Leaves on the water. James Clerk Maxwell.

So I'm stood on a sandbank by the side of the Kelvin, throwing stones in the water and making waves for my son to photograph, when he tells me I'm doing it wrong. "Too many splashes," he says. "Pretend you're a girl. Throw underarm."

Well I give it a go and I'm not very good. Whether it's lack of practice being a girl, or discomfort that macho walkers with big dogs can see me, I just can't land the stones in the right place for the composition he's aiming at. 

"What was that?" he demands, dropping the camera from his eyes and looking across unadmiringly. "There!" he says, familiar impatience with me rising to the surface, as he indicates a spot no more than ten feet away. "Can you see where I'm pointing?"

"I can see it," I tell him. "I just can't hit it."

"You couldn't hit a cow's arse with a banjo," he says. "Gimme the stones and I'll throw with one hand and take the photos with the other. You go stand under a tree and try to stay out of the shot."

So I stand under a tree and ponder the reversal of roles that age brings to parenting. There once was a time, not that long ago, when my word was law. 

Nah, that's not true. Little bugger always did more or less what he wanted. I remember him sat at the table at the age of three, for half an hour once, flatly refusing to say the one word that would release him, to get on with his life. Thrawn doesn't even begin to describe him, from the day he was born.

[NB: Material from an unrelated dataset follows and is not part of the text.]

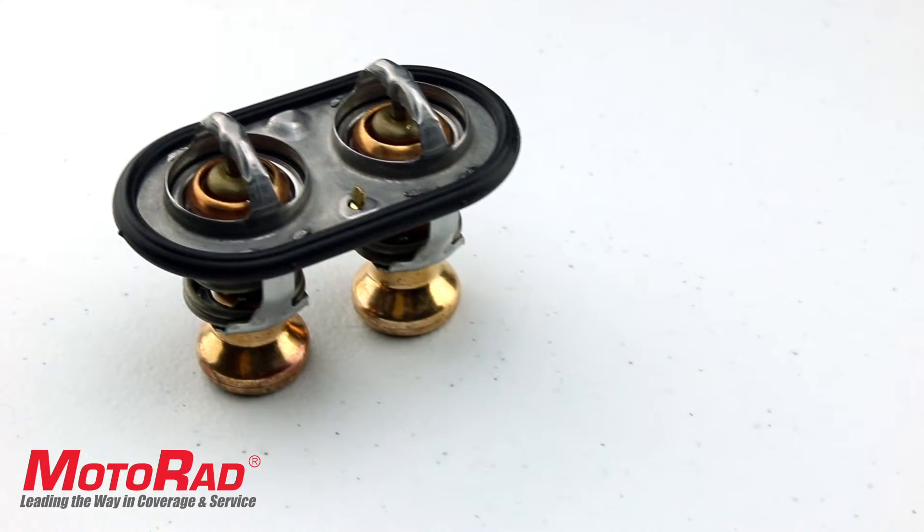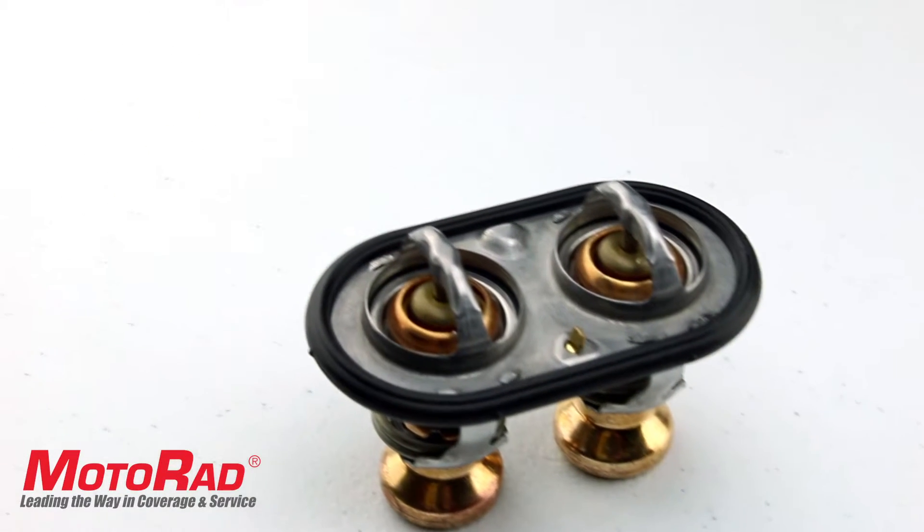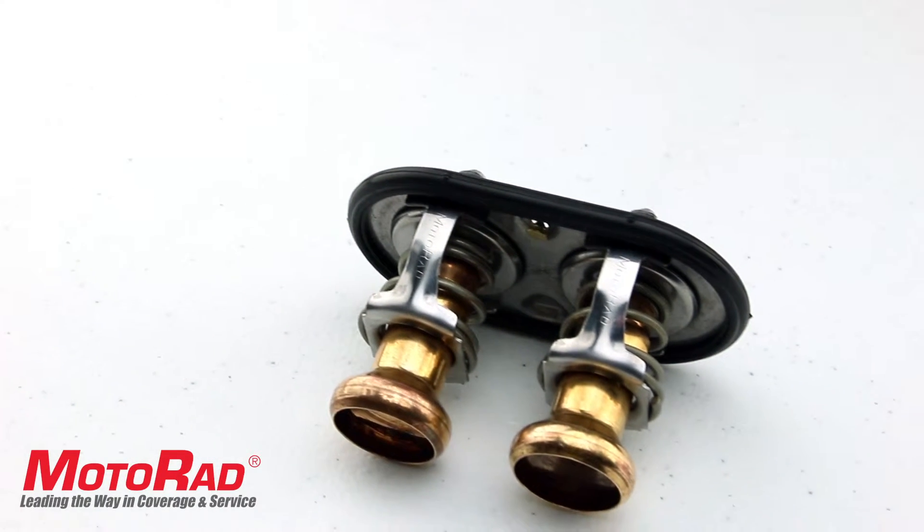Featured in this Motorrad Tech Short is the Motorrad 717-200 thermostat, which fits the Ford Powerstroke 6.7 liter diesel applications.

But at least there was once some recognition that, as the elder partner, I had some expertise that he hadn't. I taught him to cross the road when he was four, ride a bike when he was six and drive a car when he was seventeen. I had a role once. 

Now it seems my role is to get out of the way when he's being creative and to constantly remind him of things he's forgotten. Well not actually forgotten. It's just less effort for him to retrieve stuff from my brain than from his.

"So what's this all about again?" he calls, seemingly satisfied with his one-handed photography.

"I told you five minutes ago," I say, pulling myself off the tree and wandering across the sand. "We're looking for images to illustrate a lovely poem about James Clerk Maxwell."

"Who?"  he says.

"Exactly!" I say. "Only one of the greatest physicists who ever lived. And he belonged to Scotland. But nobody here knows anything about him. It's a disgrace."

"Calm down," he says. "You're getting the dogs excited. What did this guy do?"

"Unified electricity and magnetism. Proved light was electromagnetic radiation. Gave us field theory, which underpins all modern physics. Made the theoretical breakthroughs that led directly to relativity."

"Sounds quite a guy," he says. 

"He was," I say. "Einstein had a photo of him on his study wall. So our plan is to run a bunch of events and activities that will raise the profile of James Clerk Maxwell, until he's as well-loved as Robert Burns."

He studies me sceptically, while packing his camera in its hold-all and slinging it over his shoulder. "Lemme get this right," he says.

"On the one hand there's this handsome country boy who wrote wonderful love songs and broke women's hearts. On the other you've a bearded Victorian gent who invented electromagnetic field theory?"

"That's it," I say.

"And you want ordinary punters to be as crazy about both?"

"Yeah," I say. "What do you think?"

"I think you've as much chance of winning the women's shot put at the next Olympics," he says, striding off along the sandbank.